Segment Open

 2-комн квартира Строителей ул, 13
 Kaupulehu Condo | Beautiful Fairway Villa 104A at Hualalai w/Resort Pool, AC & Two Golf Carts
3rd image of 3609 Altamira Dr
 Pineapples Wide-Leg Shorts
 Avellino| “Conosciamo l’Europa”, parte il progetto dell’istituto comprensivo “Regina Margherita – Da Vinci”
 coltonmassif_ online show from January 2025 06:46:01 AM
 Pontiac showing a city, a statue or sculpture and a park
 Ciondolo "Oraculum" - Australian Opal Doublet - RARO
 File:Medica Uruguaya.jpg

Segment Closed
Segment Open

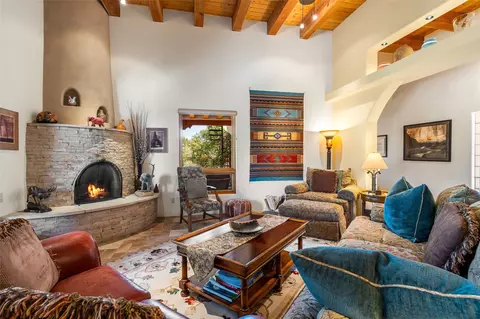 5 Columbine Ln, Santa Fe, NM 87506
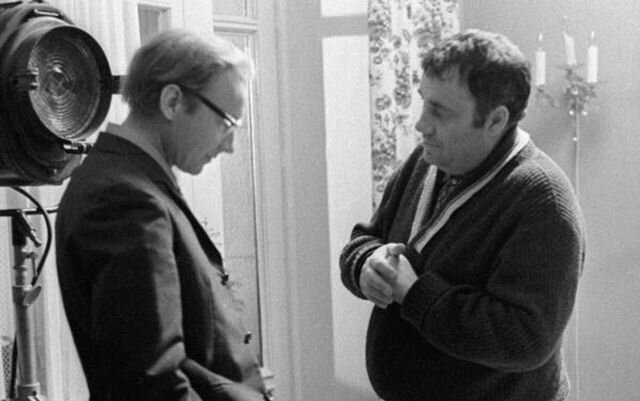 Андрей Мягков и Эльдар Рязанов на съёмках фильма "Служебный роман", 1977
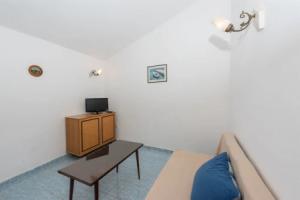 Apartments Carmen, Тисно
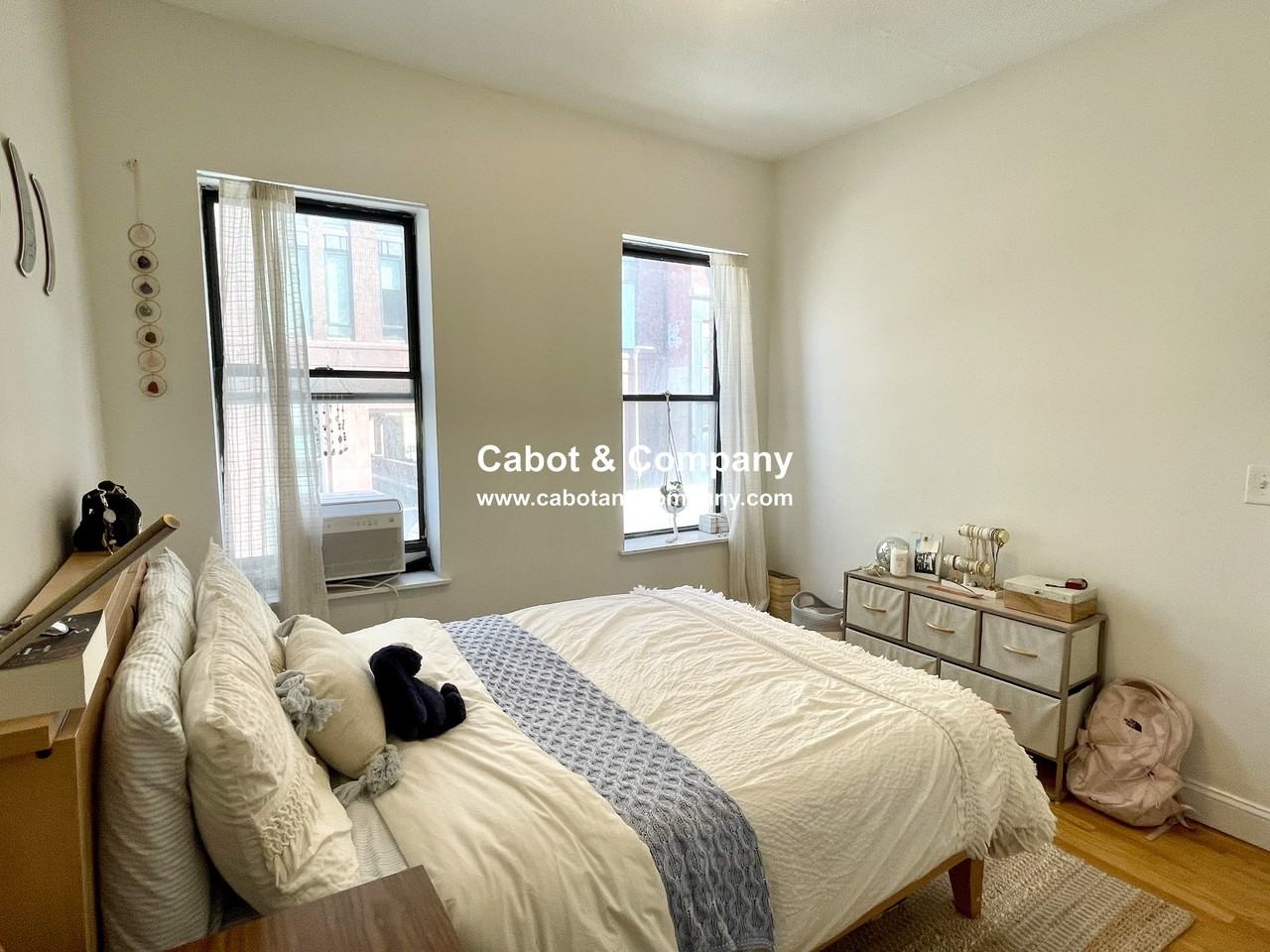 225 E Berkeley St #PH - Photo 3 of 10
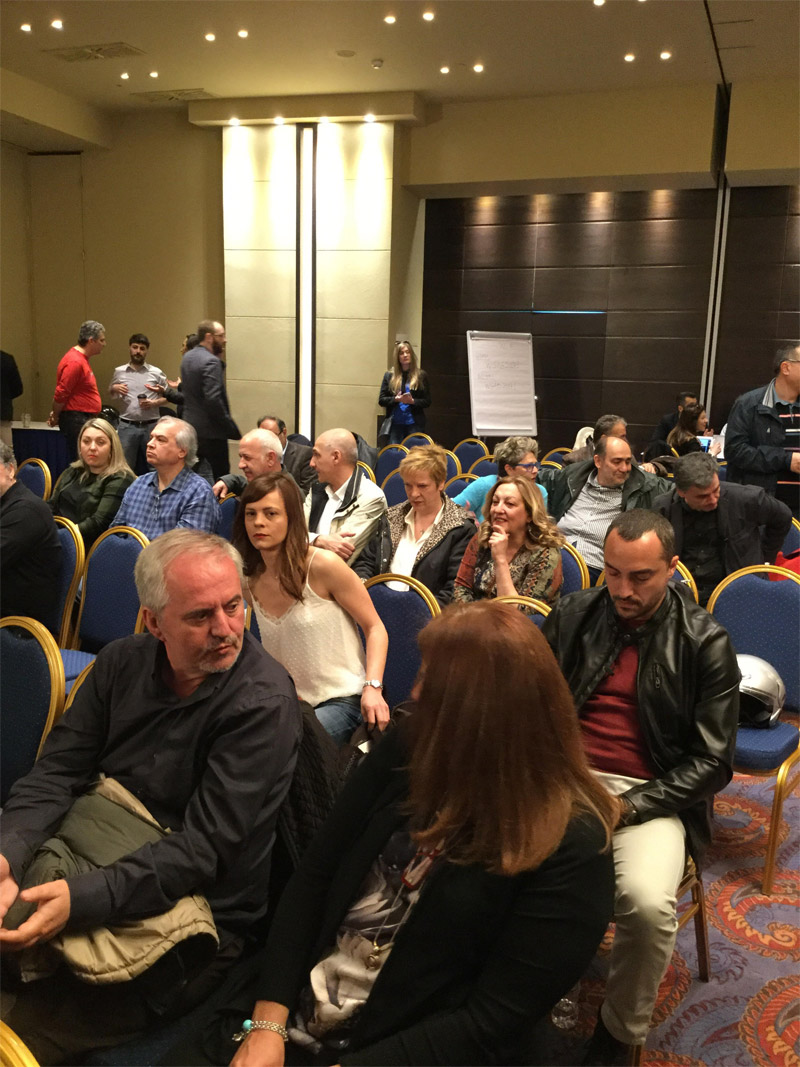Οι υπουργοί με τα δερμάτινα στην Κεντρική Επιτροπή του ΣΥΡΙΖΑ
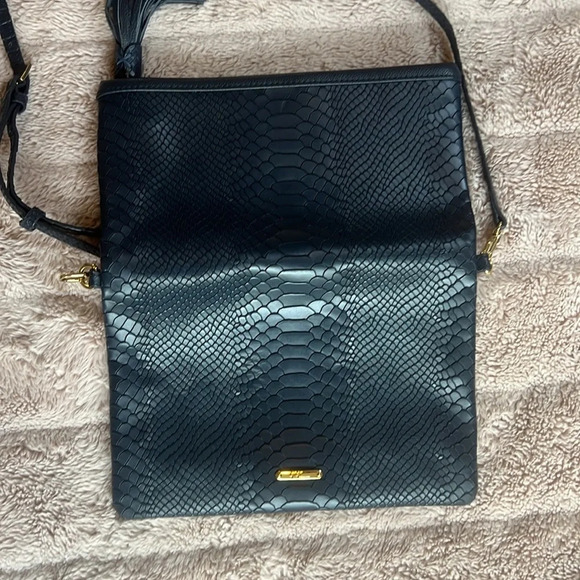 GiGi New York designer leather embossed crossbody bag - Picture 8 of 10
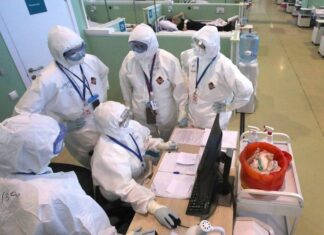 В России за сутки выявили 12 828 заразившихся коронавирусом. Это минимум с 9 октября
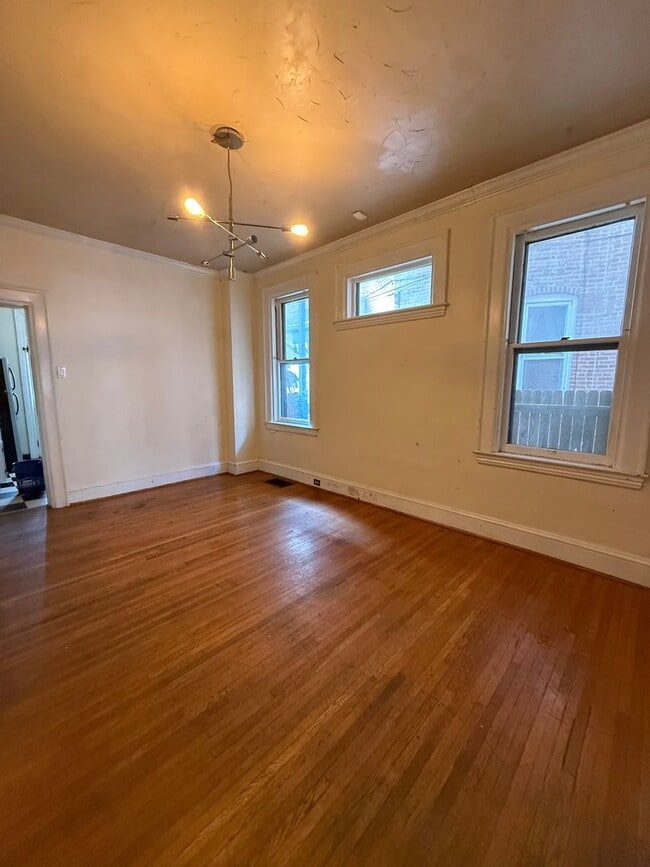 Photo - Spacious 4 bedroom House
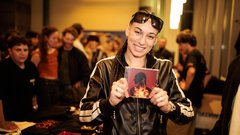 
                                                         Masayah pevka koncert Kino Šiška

Segment Closed

**Instructions to follow**
Using the entries above, repeat only the lines from the one containing "coltonmassif_ online show" through the one containing "File:Medica Uruguaya.jpg", end lines included.

**Written response**
 coltonmassif_ online show from January 2025 06:46:01 AM
 Pontiac showing a city, a statue or sculpture and a park
 Ciondolo "Oraculum" - Australian Opal Doublet - RARO
 File:Medica Uruguaya.jpg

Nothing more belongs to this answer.